All of the listing should be returned as written, apart from any picture in it.

Provided data:
_ _ _

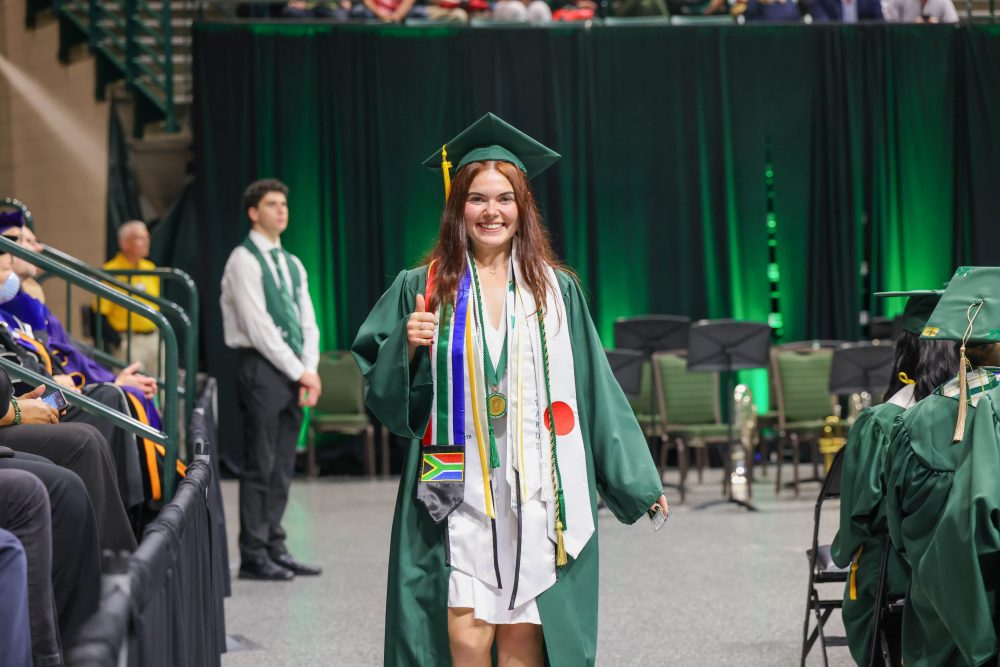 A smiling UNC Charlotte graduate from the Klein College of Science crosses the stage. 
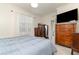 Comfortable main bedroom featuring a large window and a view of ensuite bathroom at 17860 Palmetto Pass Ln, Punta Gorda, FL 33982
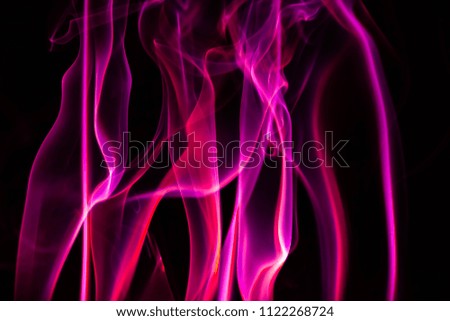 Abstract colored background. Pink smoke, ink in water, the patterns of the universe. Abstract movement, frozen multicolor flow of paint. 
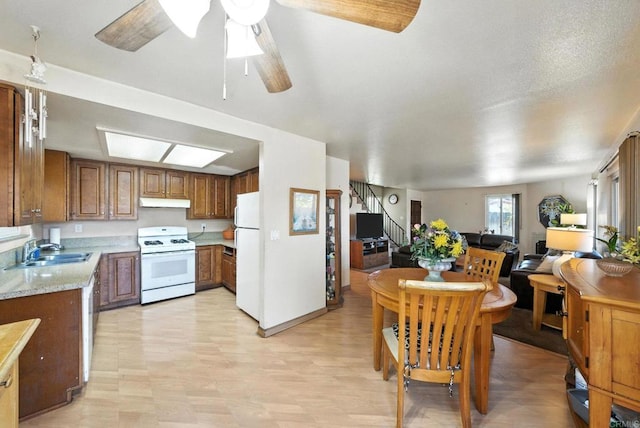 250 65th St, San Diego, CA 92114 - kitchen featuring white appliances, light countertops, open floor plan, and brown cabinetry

_ _ _

Exercise response:
 A smiling UNC Charlotte graduate from the Klein College of Science crosses the stage. 
 Comfortable main bedroom featuring a large window and a view of ensuite bathroom at 17860 Palmetto Pass Ln, Punta Gorda, FL 33982
 Abstract colored background. Pink smoke, ink in water, the patterns of the universe. Abstract movement, frozen multicolor flow of paint. 
 250 65th St, San Diego, CA 92114 - kitchen featuring white appliances, light countertops, open floor plan, and brown cabinetry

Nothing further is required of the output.